In this episode, Sean Fargo speaks with Zen teacher, author, and poet Henry Shukman on the benefits of meeting each moment with awareness and an open heart. Shukman’s most recent book, Original Love: The Four Inns On The Path Of Awakening, is an antidote to the suffering of our times, helping us heal from hyper-individualism, divisiveness and disconnection.
This episode is sponsored by the Mindfulness Exercises Mindfulness Meditation Teacher Certification. Learn more about this unique, online, self-paced program at mindfulnessexercises.com/certify
What You’ll Learn in This Episode:
Show Notes:
The importance of heart-centered practice
Shukman’s latest book, Original Love, offers practical insight into the potential life change available when we meet each moment with an open heart. We can even apply this open heartedness when we’ve failed to act with kindness and compassion. Meeting our deficiencies, and those of the world, with love, helps us soften feelings of judgment and separateness.
The value of focused, long-term mindfulness training
Many of us dabble in the various mindfulness practices which we feel are easiest. Something is missed, however, when we avoid the challenge and hardship that can come with surrendering to a single, complete path.
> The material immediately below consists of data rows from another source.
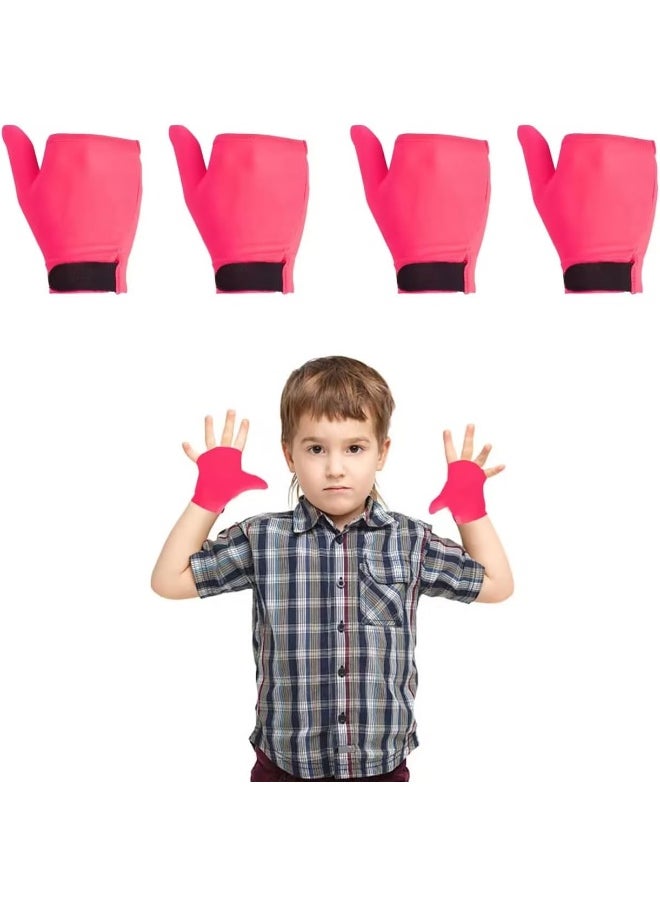 Yxmeiguo 4pcs Thumb Sucking Guard Gloves Kids Anti Thumb Sucking Glove Chewy Compression Thumb Sucking Stop Nail Biting Finger Biting Glove for Kids Thumb Guard for Ages 5-12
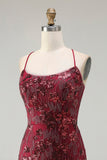 Sparkly Burgundy Mermaid Sequins Floral Long Prom Dress with Beading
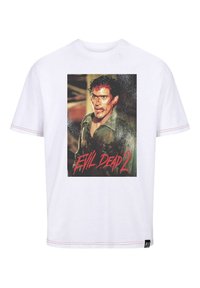 Bílý bavlněný tričko s grafikou postavy z "Evil Dead 2", s červeným písmem a opotřebovaným tiskem.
Shukman is clear that we need not all become monks, but that there’s a difference in those who have committed to a practice that involves yielding our autonomy for a while.
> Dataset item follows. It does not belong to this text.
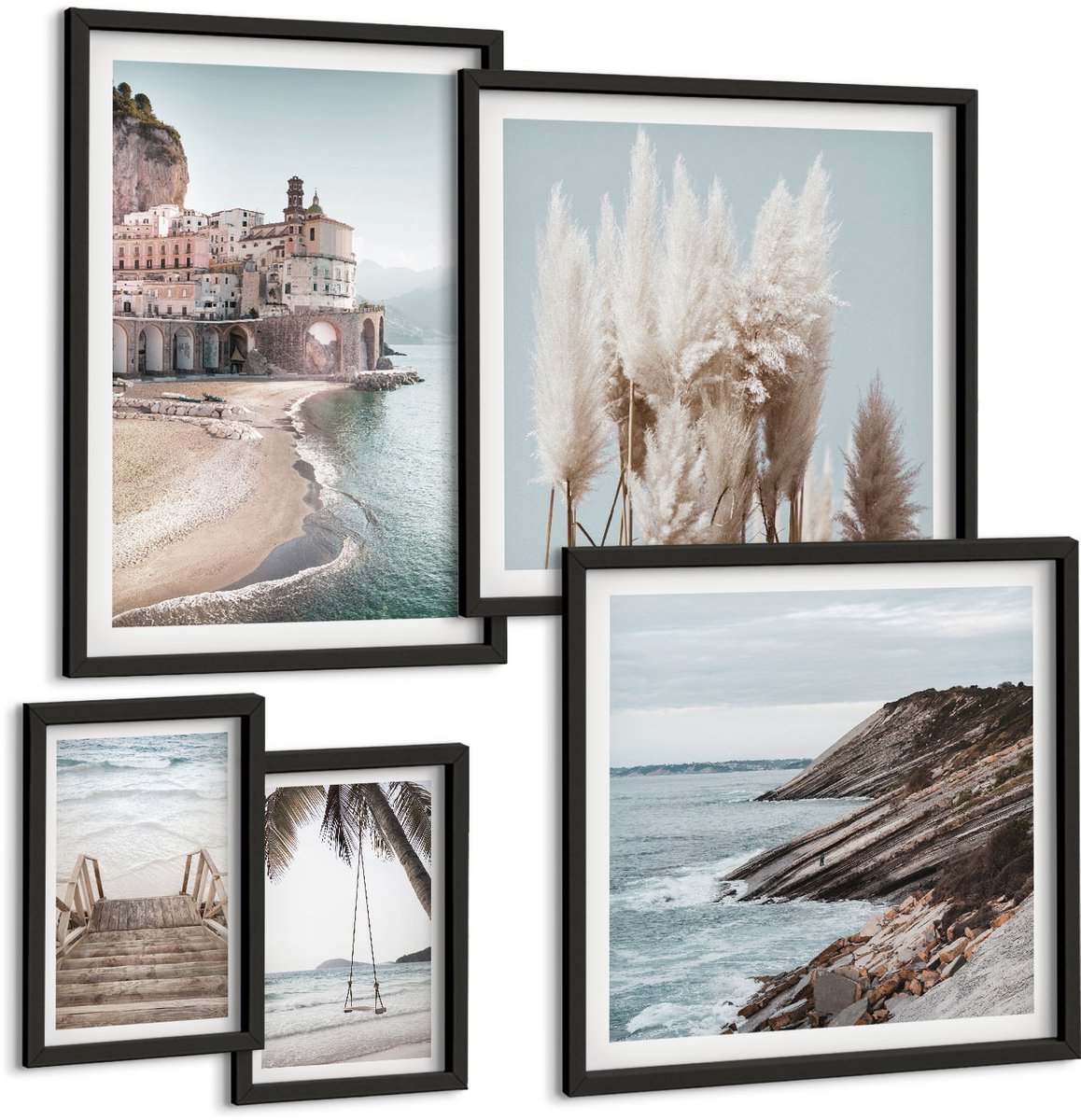 Tulup 4-Delige Schilderij Set - Stijlvol uitzicht op zee met stranden en architectuur - 50 x 50 cm, 20 x 30 cm en 40 x 60 cm - Stijlvolle Muurdecoratie - Kantoor - Woonkamer Decoratie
Four territories of meditation practice
In Shukman’s experience, there are four ‘inns’ or territories of practice and spiritual life, each with distinct purposes. The four inns of mindfulness, support, absorption and awakening are all valuable, but they are not the same. Some practices enhance mindfulness and emotional well-being, while others lead to a deeper, self-transcendent experience of awakening.
Avoiding pitfalls as our practice advances
As our meditation practice deepens, we may come to realize there’s no individual, unchanging, separate self to be found. Experiencing this merely as an intellectual construct, however, puts us at risk for nihilism, depression or even suicidal ideation. Shukman emphasizes the importance of balancing wisdom with compassion and heart-centered connection.
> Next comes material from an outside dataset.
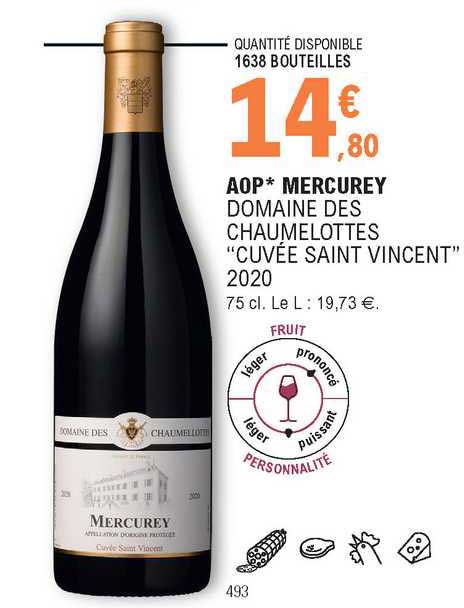 aop mercurey domaine des chaumelottes "cuvée saint vincent" 2020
The role of love in mindfulness
Shukman presents the case for the role of love throughout each stage of our meditation practice, and each of the Four Inns. The partnership between mindfulness and love is perhaps most apparent in the practice of allowing. Accepting this moment, just as it is, requires a type of love.
Connection in meditation practice
Meditation is incomplete as a solitary practice, as we are not solitary beings. With practice, we recognize the deep interconnectedness of everyone and everything. This can be a source of comfort and connection, especially in times of loneliness. Shukman points out the realization of interconnectedness is not exclusive to Buddhist practice, but can be explored in psychotherapy, shamanism, animism, or dream work.
The ultimate experience of absorption
With meditation, we can experience states of deep concentration or absorption, sometimes referred to as Samadhi. Full immersion in the present moment goes beyond total clarity, as it includes an element of love. In the deepest state of presence, we need nothing else. We are in love with the truth of this experience, just as it is.
Favorite Quotes:
“One of my Zen teachers used to say the three most important things in practice are allowing, allowing, allowing. And that's been a watchword for me throughout my practice."
"Our being is so dependent on so many factors that have nothing to do with us. And so to be able to recognize in some small measure that I am being given this moment right here and now, which I call my life... but I'm being given it by 10 trillion trillion things. That is a balm for the solitary, the soul that feels alone."
“There’s talk of original nature—but original nature is love. Shunyata [emptiness] is love. One glimpse is so horrifying that compassion naturally arises, and one glimpse is so marvelous that compassion naturally arises."
"Everything is one mind-blowing force of love—an act of love. It’s all here—like this, now—all the trouble, brutality, etc. But still—the bare fact that experience is happening is nothing but love."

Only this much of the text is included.